Right To Self-Defense: Martin Luther King Jr Denied Right And Now We Know Why


Civil rights leader Rev. Dr. Martin Luther King Jr. once applied for a legal permit from authorities to carry a concealed firearm after his home was firebombed. However, he was denied that protection, per multiple media reports, even as government documentation reveals the minister was targeted from 1963 until the day of his assassination.

MLK Jr.’s right to self-defense should have been an easy decision for authorities to grant, given the turmoil in America at the time and the threats aimed at the civil rights leader.

But there is now a better picture of what Rev. King was facing at that turbulent point in American history, and it is definitely a frightening truth.

Rev. King’s galvanizing appeal and the huge crowds being drawn to his speeches seems to have irked some well-place government employees at the time. As evidence, there is a file on the minister located at the Federal Bureau of Investigation online vault.

According to the FBI files on MLK, Reverend King was the target of “an intensive campaign by the F.B.I. to neutralize him as an effective civil rights leader,” per the testimony of the former assistant director for the FBI’s Domestic Intelligence Division, William C. Sullivan.

From late 1963 and continuing until the assassination in 1968, per the FBI vault files and testimony from Sullivan, “in the war against King… No holds were barred.”

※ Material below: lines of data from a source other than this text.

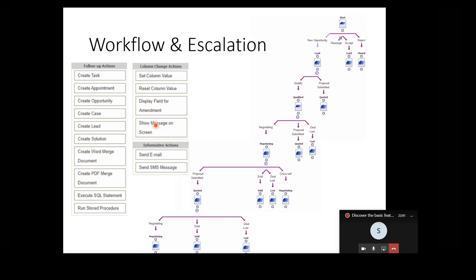We can show messages on screen to help the user understand what they need to do next. We can use workflow actions to create follow-up tasks and appointments in the CRM diary. We can use workflow to create opportunities in certain circumstances - for example, in a lead workflow there might be a point at which the lead becomes properly qualified and an opportunity is generated as a consequence. We can also use workflows for cases, creating things like cases and leads through workflows.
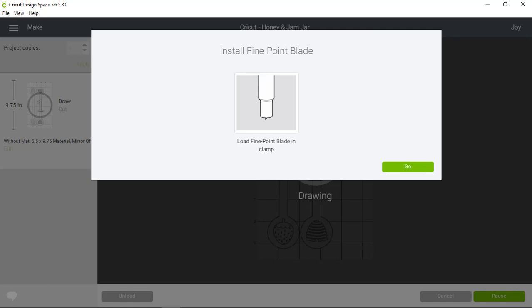And now, all I do is hit Go, unload the materials, take the stickers off the vinyl backing, and apply the labels to my jars. That's it!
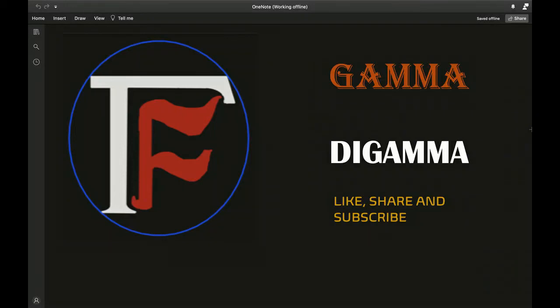Hello guys, welcome back to my channel. This video can be construed as a lemma to the next video, which someone requested — the finite product of the gamma function. Don't worry, I am going to do that video. So let's calculate a finite product series; let's get started.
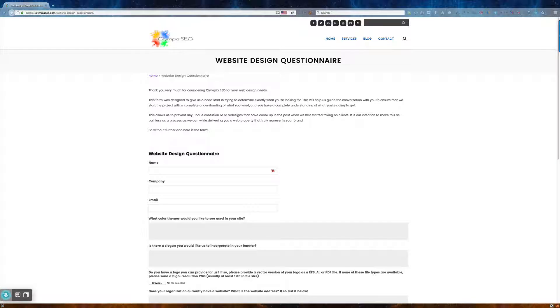Now, what you're looking at is our web design questionnaire, and we start this even before we give you a quote. And the reason is we want to know more about exactly what you're looking for.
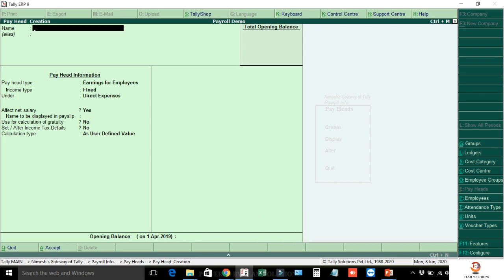Okay friends, we have now created all of the payheads. My video series is titled Payroll Series — you can find all of the payroll series on my channel as a linked playlist. The link is in the description below. In our previous video, we covered salary details. Please share your doubts in the comments section.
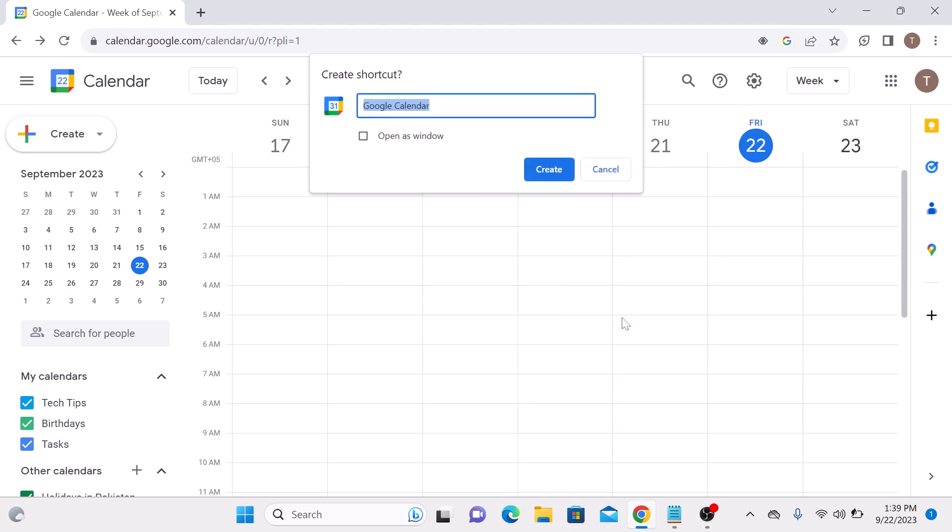Here make sure to check this option: Open as Window. Click on it and now click on Create button.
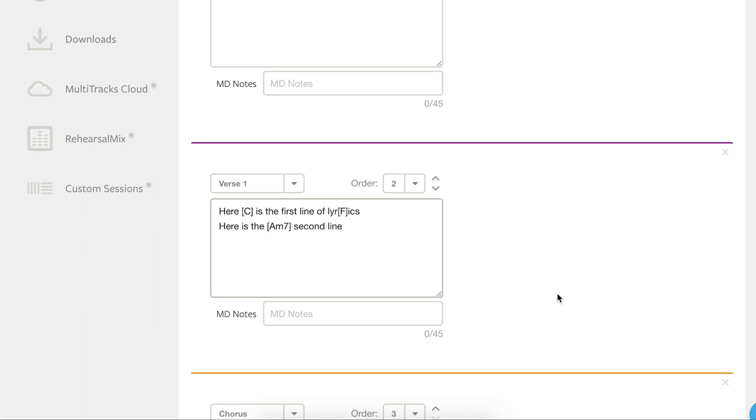And there are thousands of options to choose from, but we don't want to make you memorize all of them. So simply open a bracket, start typing your chord, and our autocomplete feature will suggest chords to you so that you can really streamline and simplify this process.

Again, MLK Jr.’s right to self-defense should have been an easy decision for authorities to grant, given the turmoil in America at the time and the threats aimed at the civil rights leader. However, it seems very few understood that Rev. Dr. King was being targeted by the FBI.

After the FBI tweeted something nice about MLK, there was pushback from others against the agency’s treatment of the civil rights icon back in the day.

As stated in the article from the Huffington Post, MLK Jr. eventually gave up his pursuit to protect himself even as others in the same civil rights movement continued to pursue the right to carry a weapon to protect themselves from harm.

“Eventually, King gave up any hope of armed self-defense and embraced nonviolence more completely. Others in the civil rights movement, however, embraced the gun.”

But MLK Jr.’s right to self-defense and his application for a permit to carry a gun to protect himself from those threats he faced should have been an easy call.

According to the FBI files on MLK, available online at their FBI Vault, there was an “F.B.I. counterintelligence campaign against King.” In fact, during the days when the news media was generating information for public discussion, people began to worry and speculate that there were perhaps officials who might also have participated in the assassination of the minister and civil rights messenger.

Martin Luther King Jr. targeted by FBI
Rev. Martin Luther King Jr. addresses a crowd in Birmingham, Alabama in 1966 [Image by JT/File/AP Images]

From the Huffington Post story by UCLA Professor of Law Adam Winkler, “The Black Panthers took Malcolm X’s approach to the extreme, openly carrying guns as they patrolled for police abuses on the streets of Oakland. They even made guns part of their official uniform, along with the black beret and leather jacket. Every member learned about Marxism and firearms safety.”

But then California passed a law “to disarm the Panthers and then Congress, after King was assassinated by James Early Ray, passed the Gun Control Act of 1968 — the first major federal gun control since the 1930s. These laws fueled the rise of the modern gun rights movement, which self-consciously borrowed tactics from the civil rights movement,” according to Winkler’s information.

MLK jr targeted by FBI
The Martin Luther King, Jr. Memorial [Image by J. Scott Applewhite/AP Images]

MLK Jr.’s right to self-defense and his application for a permit to carry a gun to protect himself from those threats he faced, including the harm and scare tactics used by law enforcement officials such as brought out by the testimony of a former FBI assistant director, should have been an easy call.

What will we now do with our 2nd Amendment right under the new president just elected?